Wetterfeste Münchner brauchen keine hochsensiblen Geräte, um präzise zu ergründen, was sich an Tiefdruckgebieten und Sturmfronten über ihnen zusammenbraut

Von Jürgen Wolfram

Was machen sie zur Bestätigung ihrer wackeligen Prognosen nicht alles für Bauchaufschwünge. Stehen in Gummistiefeln knietief im Teufelsmoor, halten auf der Insel Hiddensee Mikrofone vom Format frisch geborener Lämmer in den Wind, loten am Funtensee bibbernd aus, wo sich Deutschland und Grönland am ähnlichsten sind. Die Meteorologen im Dienst der Medien lassen nichts unversucht, jeden Wetterumschwung, der sich ankündigt, bis hin zur löchrigsten Cumuluswolke zu erspüren. Manchmal liegen sie mit ihrer Vorhersage dennoch daneben. Dann fällt in ihren Reihen das Stimmungsbarometer dramatisch, denn es droht ein Donnerwetter vom Intendanten. Es sei denn, Katja Horneffer, Claudia Kleinert & Co. lächeln über die Irrtümer ihrer Messstationen so gekonnt hinweg wie Korrespondenten bei nachlassender Textsicherheit.
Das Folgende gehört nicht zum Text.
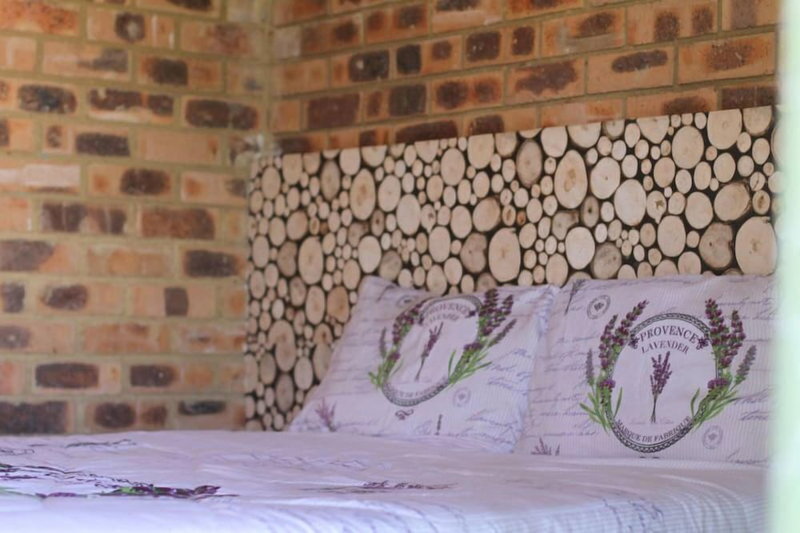 Lily Villa Country Lodge, Emalahleni, South Africa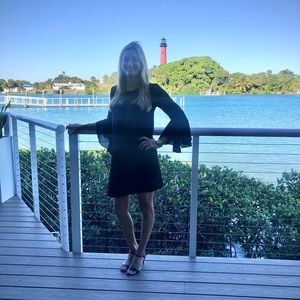 Meet your Posher, Lindsay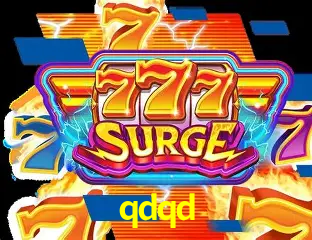 Desvendando o Mundo dos Jogos Virtuais na qdqd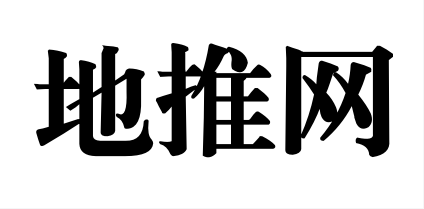 网站样板-广告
Wetterfeste Münchner brauchen keine hochsensiblen Geräte, um präzise zu ergründen, was sich über ihnen zusammenbraut. Sofern sie sich nicht überhaupt auf Bauernregeln verlassen, reichen ihnen zur Wahrnehmung der Witterungslage die Sinnesorgane völlig aus. Wabert beispielsweise starker Malzgeruch aus Großbrauereien durch die Arnulfstraße oder die Marsstraße, sinkt erwiesenermaßen der Luftdruck. Die Schwalben fliegen tief, alles wirkt irgendwie niedergedrückt, und das auch ohne direkte Alkoholeinwirkung. Zieht Sturm auf, merkt der Landeshauptstädter das nicht etwa am wehenden Haar seiner Begleiterin, sondern daran, dass der weithin sichtbare Stern auf dem Mercedes-Center erstarrt. Denn ab einer gewissen Orkanstärke arretiert das Facility Management sein Firmensymbol auf so windschnittige Weise, dass sich garantiert nichts mehr bewegt. Was sind gegen solche Indikatoren schon angeblich exakte Messmethoden, wenn diese doch nur wieder Toleranzen aufweisen? Manchmal können Faustregeln denkbar simpel sein. Verschwinden etwa der Fernsehturm und das SZ-Hochhaus von der Bildfläche, tja, dann herrscht wahrscheinlich dichter Nebel. Ein dreifach Hoch auf den Wetterbericht von der Isar!